Ella soltó una carcajada. En ocasiones parecía que cuando se reía se asomaba una lágrima a sus ojos verdes.
- ¿Tú también conoces la historia del monje de Los Cobos?
Me quedé sorprendido. Laura era de Córdoba y, aunque había pasado los primeros años de su vida viviendo en La Guijarrosa, se mudó demasiado pronto como para conocer la historia que tenía en mente.
- ¿Conoces la historia del monje de Los Cobos? - dije.
Ella intuyó mi sorpresa y quiso explicarse.
- El otro día estaba en La Trama, el bar de la Judería que es propiedad de mi amigo Aurelio, y un tipo se me acercó cuando ya estaban a punto de cerrar. El muy tunante pretendía ligar conmigo y, como le vi bastante torpe en el intento, decidí divertirme un poco poniéndole en el compromiso de que me contase un cuento antes de irme a casa.
- ¿Y el tipo este te contó la historia del monje de Los Cobos?
Laura asintió.
- Me contó un galimatías bastante creíble sobre una congregación de monjes jesuitas que decidieron desobedecer la orden por la que todos los de esta congregación eran expulsados del país.
- No sabía que los jesuitas fueron expulsados de España.
- Pues ya ves. Yo tampoco lo sabía pero, según me contó este tipo, unos cuantos se mantuvieron escondidos en los alrededores de Los Cobos y que ahora queda uno de ellos que se dedica a deambular por la zona. Me pareció bastante entretenida aunque, desde luego, con esa historia no consiguió engatusarme ni un poquito. ¿Qué clase de historia es esa para enamorar a una dama?

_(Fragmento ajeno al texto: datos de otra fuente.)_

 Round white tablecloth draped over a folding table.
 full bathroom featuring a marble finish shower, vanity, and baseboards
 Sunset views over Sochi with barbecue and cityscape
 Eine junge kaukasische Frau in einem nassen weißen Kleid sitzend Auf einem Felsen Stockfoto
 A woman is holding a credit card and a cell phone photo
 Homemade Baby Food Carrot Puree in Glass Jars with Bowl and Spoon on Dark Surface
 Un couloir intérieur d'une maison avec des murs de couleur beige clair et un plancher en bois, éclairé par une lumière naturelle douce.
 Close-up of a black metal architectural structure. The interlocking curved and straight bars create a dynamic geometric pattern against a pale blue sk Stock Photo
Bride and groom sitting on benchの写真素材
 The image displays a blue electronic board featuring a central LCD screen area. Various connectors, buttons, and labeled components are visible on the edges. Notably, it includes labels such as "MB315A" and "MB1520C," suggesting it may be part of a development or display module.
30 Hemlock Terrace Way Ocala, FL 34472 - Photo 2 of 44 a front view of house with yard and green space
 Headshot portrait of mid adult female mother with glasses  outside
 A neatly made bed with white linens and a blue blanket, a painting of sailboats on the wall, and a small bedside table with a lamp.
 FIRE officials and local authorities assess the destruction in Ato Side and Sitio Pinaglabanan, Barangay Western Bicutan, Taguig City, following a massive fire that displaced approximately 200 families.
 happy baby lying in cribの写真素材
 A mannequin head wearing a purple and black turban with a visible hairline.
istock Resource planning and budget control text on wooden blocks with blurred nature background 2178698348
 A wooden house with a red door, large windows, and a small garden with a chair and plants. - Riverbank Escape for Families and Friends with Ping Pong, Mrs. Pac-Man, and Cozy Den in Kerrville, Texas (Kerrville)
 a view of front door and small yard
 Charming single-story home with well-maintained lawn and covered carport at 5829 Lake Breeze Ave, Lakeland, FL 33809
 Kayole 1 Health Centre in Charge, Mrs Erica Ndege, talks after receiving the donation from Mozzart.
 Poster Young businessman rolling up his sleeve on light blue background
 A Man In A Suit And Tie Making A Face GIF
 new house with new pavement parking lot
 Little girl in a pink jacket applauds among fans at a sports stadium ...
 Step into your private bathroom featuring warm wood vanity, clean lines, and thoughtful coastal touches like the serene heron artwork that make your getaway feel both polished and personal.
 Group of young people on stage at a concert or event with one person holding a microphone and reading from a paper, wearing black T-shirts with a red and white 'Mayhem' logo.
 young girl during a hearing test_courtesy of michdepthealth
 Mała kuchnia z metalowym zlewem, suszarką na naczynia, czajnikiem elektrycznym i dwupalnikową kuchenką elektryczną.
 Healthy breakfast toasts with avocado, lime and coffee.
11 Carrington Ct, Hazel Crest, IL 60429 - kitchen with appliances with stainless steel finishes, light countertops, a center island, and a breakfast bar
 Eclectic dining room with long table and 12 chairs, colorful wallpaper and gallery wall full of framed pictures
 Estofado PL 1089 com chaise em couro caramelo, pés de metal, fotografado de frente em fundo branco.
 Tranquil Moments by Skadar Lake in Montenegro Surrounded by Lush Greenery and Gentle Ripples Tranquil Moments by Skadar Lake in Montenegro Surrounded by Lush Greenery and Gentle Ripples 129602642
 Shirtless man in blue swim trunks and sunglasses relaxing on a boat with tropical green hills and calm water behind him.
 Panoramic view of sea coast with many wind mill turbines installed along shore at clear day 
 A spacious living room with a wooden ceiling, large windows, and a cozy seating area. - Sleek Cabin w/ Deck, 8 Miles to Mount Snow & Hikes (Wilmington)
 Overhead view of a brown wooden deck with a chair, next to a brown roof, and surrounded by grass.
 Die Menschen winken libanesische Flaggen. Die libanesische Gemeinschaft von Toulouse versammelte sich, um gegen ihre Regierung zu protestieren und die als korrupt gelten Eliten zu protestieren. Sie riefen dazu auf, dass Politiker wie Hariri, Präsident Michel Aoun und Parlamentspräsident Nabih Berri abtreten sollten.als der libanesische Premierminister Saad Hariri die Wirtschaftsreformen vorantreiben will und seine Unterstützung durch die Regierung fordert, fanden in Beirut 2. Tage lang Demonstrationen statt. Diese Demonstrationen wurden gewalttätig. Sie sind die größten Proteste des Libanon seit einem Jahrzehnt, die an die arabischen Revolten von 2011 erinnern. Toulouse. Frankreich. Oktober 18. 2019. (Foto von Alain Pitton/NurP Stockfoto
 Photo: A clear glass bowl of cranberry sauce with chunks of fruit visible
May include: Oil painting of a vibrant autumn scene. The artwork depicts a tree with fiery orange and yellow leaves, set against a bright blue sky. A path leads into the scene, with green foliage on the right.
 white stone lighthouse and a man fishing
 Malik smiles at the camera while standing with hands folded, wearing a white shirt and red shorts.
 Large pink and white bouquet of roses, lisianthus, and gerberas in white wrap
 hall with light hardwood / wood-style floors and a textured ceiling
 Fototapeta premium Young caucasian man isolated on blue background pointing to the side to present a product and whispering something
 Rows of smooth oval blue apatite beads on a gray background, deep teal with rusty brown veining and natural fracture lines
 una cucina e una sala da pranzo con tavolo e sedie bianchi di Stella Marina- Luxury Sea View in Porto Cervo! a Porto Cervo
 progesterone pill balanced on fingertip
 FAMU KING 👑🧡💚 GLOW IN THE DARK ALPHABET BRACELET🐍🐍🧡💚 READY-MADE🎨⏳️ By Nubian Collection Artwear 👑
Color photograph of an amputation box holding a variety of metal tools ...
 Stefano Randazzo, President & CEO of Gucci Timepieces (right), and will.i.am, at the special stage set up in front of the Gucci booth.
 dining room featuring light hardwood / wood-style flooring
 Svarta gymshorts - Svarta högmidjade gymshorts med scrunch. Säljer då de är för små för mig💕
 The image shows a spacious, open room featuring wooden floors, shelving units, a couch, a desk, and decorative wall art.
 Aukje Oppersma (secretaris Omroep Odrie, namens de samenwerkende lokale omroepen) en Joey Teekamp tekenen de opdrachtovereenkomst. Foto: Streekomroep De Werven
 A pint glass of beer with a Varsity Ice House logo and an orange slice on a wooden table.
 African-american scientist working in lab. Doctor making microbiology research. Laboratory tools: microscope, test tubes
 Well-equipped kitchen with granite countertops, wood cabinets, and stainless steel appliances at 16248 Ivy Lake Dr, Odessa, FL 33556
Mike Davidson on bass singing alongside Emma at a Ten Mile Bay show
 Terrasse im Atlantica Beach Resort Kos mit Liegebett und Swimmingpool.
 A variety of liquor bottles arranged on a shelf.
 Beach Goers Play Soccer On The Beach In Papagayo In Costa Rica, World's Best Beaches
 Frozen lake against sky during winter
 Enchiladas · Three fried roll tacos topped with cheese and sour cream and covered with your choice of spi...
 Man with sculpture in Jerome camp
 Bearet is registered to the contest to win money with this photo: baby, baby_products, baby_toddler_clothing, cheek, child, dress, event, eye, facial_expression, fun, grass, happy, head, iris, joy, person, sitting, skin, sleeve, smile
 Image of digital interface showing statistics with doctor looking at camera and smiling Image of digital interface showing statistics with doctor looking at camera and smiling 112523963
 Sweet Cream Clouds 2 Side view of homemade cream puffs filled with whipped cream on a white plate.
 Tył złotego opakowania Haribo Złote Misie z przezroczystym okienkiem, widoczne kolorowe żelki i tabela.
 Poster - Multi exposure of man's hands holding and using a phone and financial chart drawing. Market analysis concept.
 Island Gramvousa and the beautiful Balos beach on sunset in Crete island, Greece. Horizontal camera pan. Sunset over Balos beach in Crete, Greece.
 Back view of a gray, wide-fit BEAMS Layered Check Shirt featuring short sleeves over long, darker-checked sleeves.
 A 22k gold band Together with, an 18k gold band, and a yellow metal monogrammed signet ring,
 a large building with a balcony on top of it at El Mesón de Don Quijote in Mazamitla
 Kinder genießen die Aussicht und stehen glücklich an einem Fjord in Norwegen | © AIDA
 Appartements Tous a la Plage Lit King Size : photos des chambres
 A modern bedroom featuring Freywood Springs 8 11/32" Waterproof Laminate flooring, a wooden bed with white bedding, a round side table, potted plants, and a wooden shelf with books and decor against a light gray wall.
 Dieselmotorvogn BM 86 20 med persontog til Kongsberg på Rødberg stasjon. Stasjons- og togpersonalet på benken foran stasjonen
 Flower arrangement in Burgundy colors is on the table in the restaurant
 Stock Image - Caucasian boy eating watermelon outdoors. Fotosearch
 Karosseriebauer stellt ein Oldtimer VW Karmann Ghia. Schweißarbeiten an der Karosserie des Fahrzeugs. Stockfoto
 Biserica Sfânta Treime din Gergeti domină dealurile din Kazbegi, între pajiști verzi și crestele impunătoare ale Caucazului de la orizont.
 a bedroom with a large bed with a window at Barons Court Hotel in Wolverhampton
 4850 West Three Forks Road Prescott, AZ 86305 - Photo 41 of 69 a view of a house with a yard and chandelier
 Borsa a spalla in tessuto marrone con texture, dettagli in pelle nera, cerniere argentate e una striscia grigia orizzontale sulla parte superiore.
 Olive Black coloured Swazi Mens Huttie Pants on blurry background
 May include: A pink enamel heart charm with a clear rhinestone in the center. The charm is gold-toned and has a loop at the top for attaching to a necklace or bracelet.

- ¿Una dama? - pregunté con sorna.
Ella se enfurruñó.
- Te ignoro por no escucharte, porque si te escuchara dejaría de ignorarte.
Dejé pasar aquél improvisado e impertinente pareado y continué con la conversación.
- De todas formas esa no es la historia que yo he escuchado.
Laura soltó una carcajada. El verde de sus ojos ganaba en intensidad cuando los achinaba para sonreir.
- A ver, ilústreme su eminencia.
Ignoré su dardo envenenado de ironía y procedí a contarle mi "verdadera" historia del monje de Los Cobos.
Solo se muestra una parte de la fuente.